I got the e-mail, noted the times when the coupon was valid, pre-shopped for my pants and waited 24 hours. I get to the site, click in my stuff and quickly rack-up more than $50 dollars in goods to qualify for the discount deal. I put in my info and the shopping cart won't take the data. I try again and again. No deal.
Then I notice a red sentence peeping out of the black background that reads -- "Coupon code cannot be used on specials or closeouts."
I check the cart. Both sets of pants we're marked down from 29.99 to 22.99, I check the offer e-mail. Not a peep. The right nav bar tells me my pants are to sellers -- not closeouts. I'm stunned. I'm shocked. I'm really pissed off. I've now invested 20 minutes to buy stuff I crave and my warm feelings have turned to anger and resentment.I've gone from repeat customer to angry antagonist with zero sympathy for the marketer that didn't do his/her job right.
Wanna kill off your repeat buyers? Send them e-mail offers that they can't cash in on !

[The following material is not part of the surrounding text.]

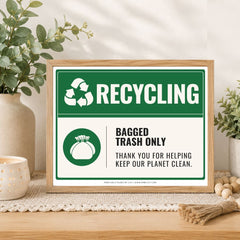 A framed recycling sign displayed on a wooden table in a styled home setting. The sign features a green and white design with the text 'RECYCLING', 'BAGGED TRASH ONLY', and 'THANK YOU FOR HELPING KEEP OUR PLANET CLEAN.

"How To Use E-Mail Marketing to Kill Off Your Customers" - Good article. Congrats.rowery
Posted by: rowery | January 06, 2008 at 10:29 AM
Danny,
That happened to me before with a company I often have purchased wholesale industrial supplies from. They sent me an email with a discount offer of 10% but when I visited their site to 'cash in' I learned the discount did not apply to existing customers. Now I understand that getting new customers is important but what this kind of offer tells me is I'm not as important as an existing customer and frankly, it's a dumb marketing approach.